**Data excerpts:**
● ● ● ● ●

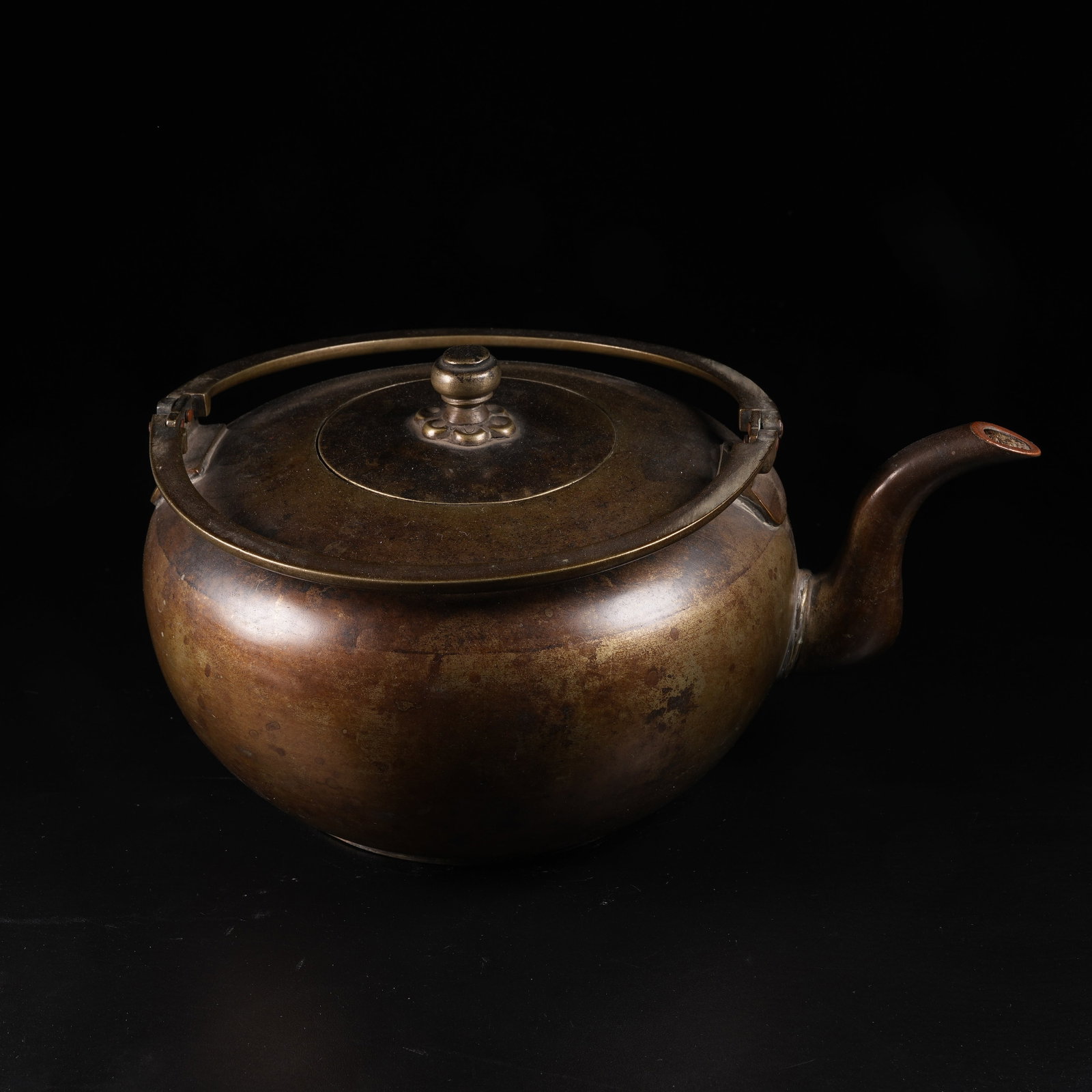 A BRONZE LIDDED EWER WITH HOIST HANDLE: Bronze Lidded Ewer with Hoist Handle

● ● ● ● ●

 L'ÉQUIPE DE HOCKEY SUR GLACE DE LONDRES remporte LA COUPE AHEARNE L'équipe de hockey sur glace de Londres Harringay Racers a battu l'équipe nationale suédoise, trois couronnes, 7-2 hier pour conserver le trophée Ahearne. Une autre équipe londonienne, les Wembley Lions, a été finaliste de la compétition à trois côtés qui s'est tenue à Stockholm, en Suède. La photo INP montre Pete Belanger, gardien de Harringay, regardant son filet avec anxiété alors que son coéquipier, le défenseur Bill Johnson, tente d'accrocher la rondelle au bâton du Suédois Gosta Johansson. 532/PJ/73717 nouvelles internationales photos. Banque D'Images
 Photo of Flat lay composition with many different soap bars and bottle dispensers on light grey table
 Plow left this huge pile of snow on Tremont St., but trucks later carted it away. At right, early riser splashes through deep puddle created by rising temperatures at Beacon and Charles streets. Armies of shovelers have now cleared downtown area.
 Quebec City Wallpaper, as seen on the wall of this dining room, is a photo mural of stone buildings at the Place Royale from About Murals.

● ● ● ● ●

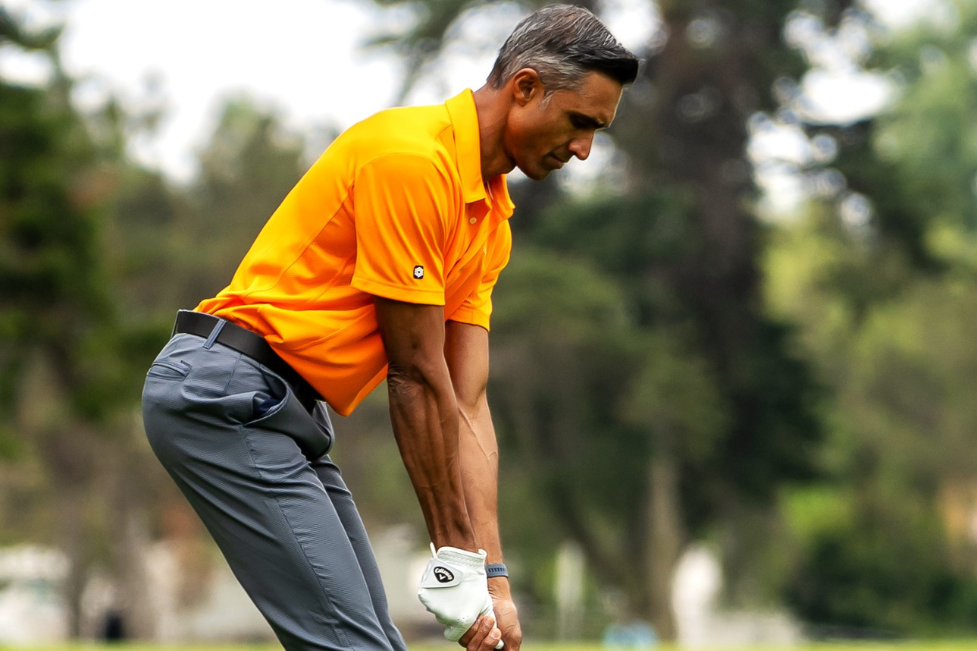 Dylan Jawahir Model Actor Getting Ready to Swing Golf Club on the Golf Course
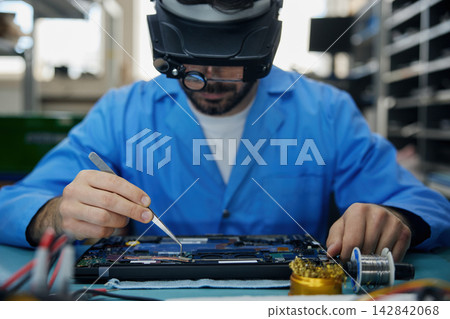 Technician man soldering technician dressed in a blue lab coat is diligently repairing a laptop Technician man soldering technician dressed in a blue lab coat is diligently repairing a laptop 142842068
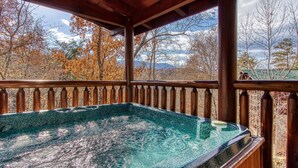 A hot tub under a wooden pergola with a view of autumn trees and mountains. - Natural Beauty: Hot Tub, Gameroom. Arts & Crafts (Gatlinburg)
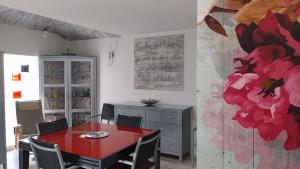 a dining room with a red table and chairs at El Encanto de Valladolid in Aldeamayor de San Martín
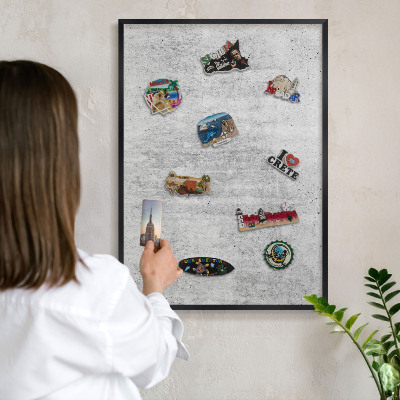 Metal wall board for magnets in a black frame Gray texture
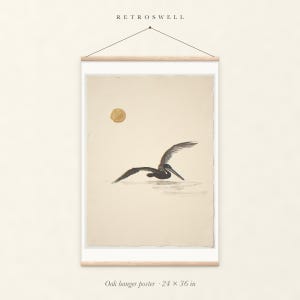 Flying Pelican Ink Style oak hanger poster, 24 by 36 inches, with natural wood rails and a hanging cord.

● ● ● ● ●

**About this task:** Everything starting at the line containing "Plow left this" and ending at the line containing "Quebec City Wallpaper, as" in the records above should be repeated exactly, and only that.

**Completed task:**
 Plow left this huge pile of snow on Tremont St., but trucks later carted it away. At right, early riser splashes through deep puddle created by rising temperatures at Beacon and Charles streets. Armies of shovelers have now cleared downtown area.
 Quebec City Wallpaper, as seen on the wall of this dining room, is a photo mural of stone buildings at the Place Royale from About Murals.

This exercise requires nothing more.